Alan AtKisson
President, the AtKisson Group
To my friends and colleagues with ISHES in Japan:
Looking backward in time from the moment of ISHES' founding, Japan had already experienced a decade of stagnant economic growth, as growth is traditionally defined. The nation needed a new vision for success in the 21st century, one that included a shift away from single-minded fixation with increasing production, consumption, and GDP, toward a more balanced view of work, qualify of life, and social and environmental stewardship.
Then came the earthquake, tsunami, and nuclear accident.
As we look forward from this dramatic and tragic moment, we must acknowledge that the strategic challenge for ISHES has changed dramatically. Probably Japan will experience significant economic growth in the coming years, as resources are mobilized for recovery and rebuilding. Japan may once again look like a strong, dynamic economy, at least in GDP terms. (This is part of the absurd, perverse logic of the GDP: it rises in response to disasters, accidents, and wars.)
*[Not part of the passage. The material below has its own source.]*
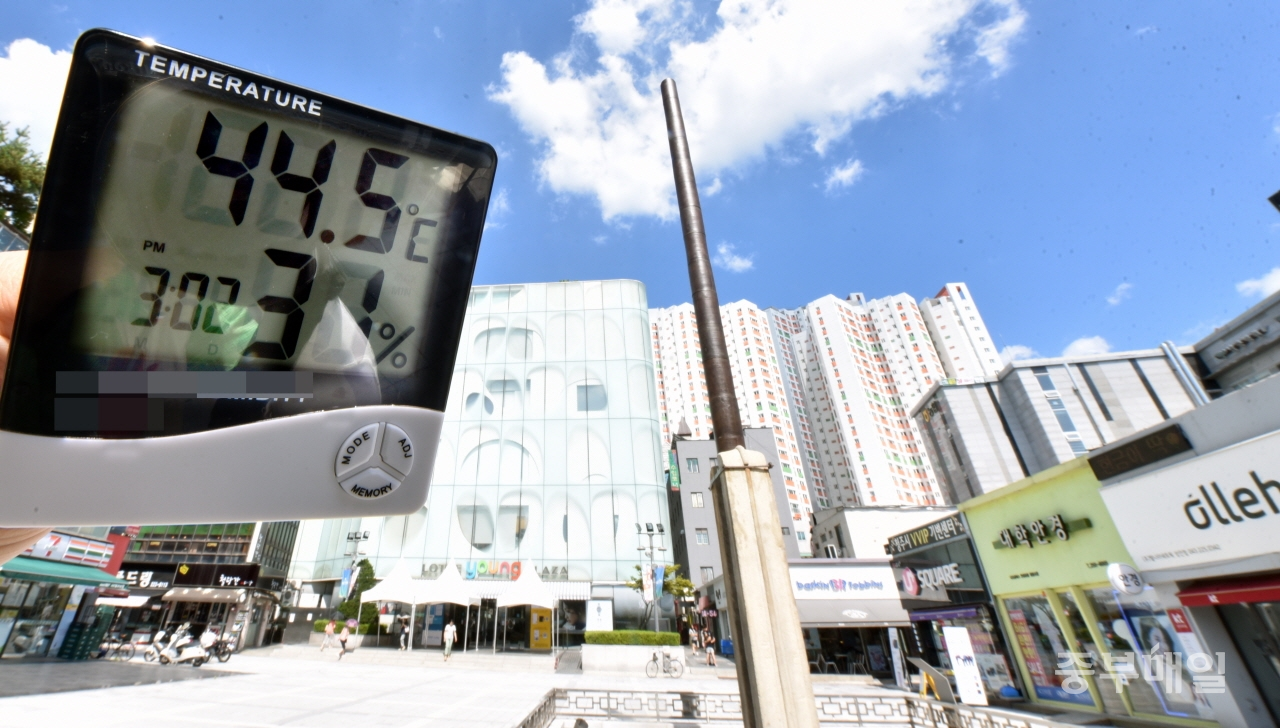 최악의 폭염으로 낮 최고기온의 기록을 연일 바꾸고 있는 가운데 8월의 첫날 오후3시께 청주 철당간 광장에서 시중에서 파는 디지털 온도계로 측정한 체감온도는 영상 44도를 훌쩍 넘어서고 있다. / 김용수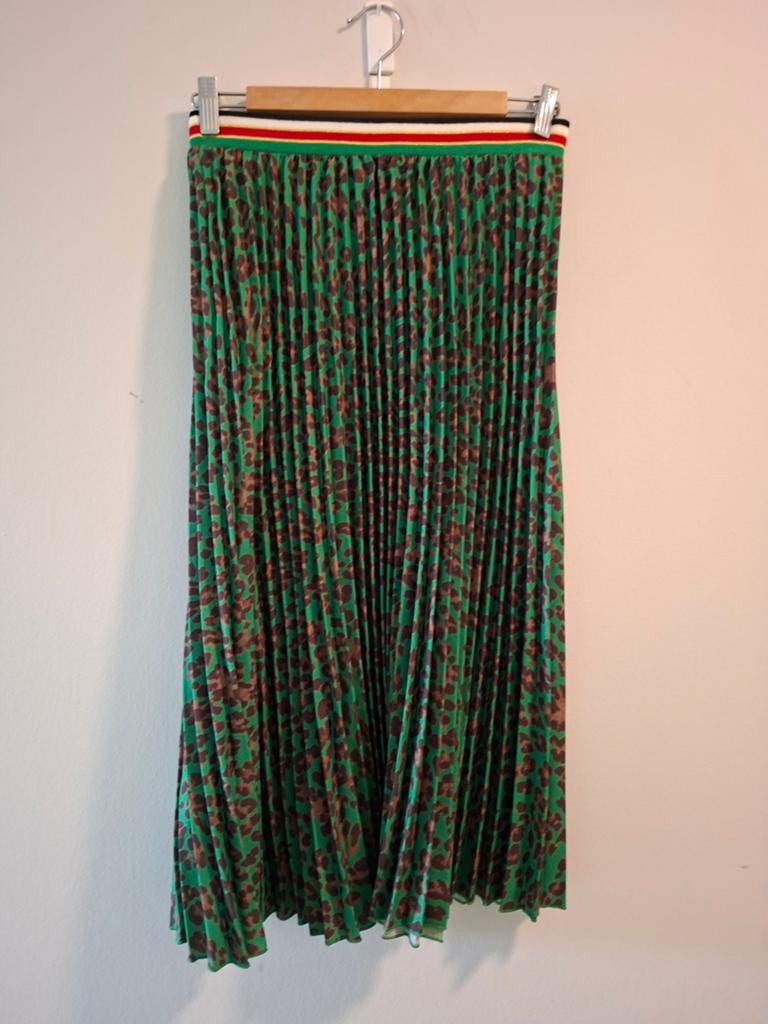 Ambika plissé rok groen met panterprint - One size (M), Kleding | Dames, Rokken, Maat 38/40 (M), Nieuw, Ophalen of Verzenden, Onder de knie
This is a crucial moment. History and science tell us that moments of disruptive collapse are very pregnant in the history of any system, including a whole nation. Patterns can become established that can swing countries onto wildly different paths, depending on which voices, which ideas, and which emotions become amplified and predominant. One important role for ISHES could be to help amplify those voices and those questions that can help the Japanese people find the most positive path forward, a path of optimism, hope, and global engagement.
This leads to my second point. When we look outward from Japan to the world, ISHES may again have a special role to play.
At this time of partial collapse and rebuilding, who better than Japan to catalyze some very serious, global-level questioning about the scale of our global industrial activity, and our perceived dependence on its unending growth? Who better than ISHES to play this role?
ISHES was created to tackle large questions, not small ones. For the most tragic of causes, ISHES' "reason for existence" has been strengthened greatly. ISHES' need to be actively engaging Japanese society has been heightened, its timelines accelerated. The questions that it must help the Japanese people tackle have become of even greater importance and scale.
Happiness, well-being, social solidarity, and environmental care are, in themselves, deeply traditional values in Japan: they are "deeply Japanese." They can provide a steady compass through turbulent economic times to come. ISHES can play a small-but-important stabilizing, catalyzing, and orienting role during these times -- first and foremost in support of the Japanese people, but also in service to the world.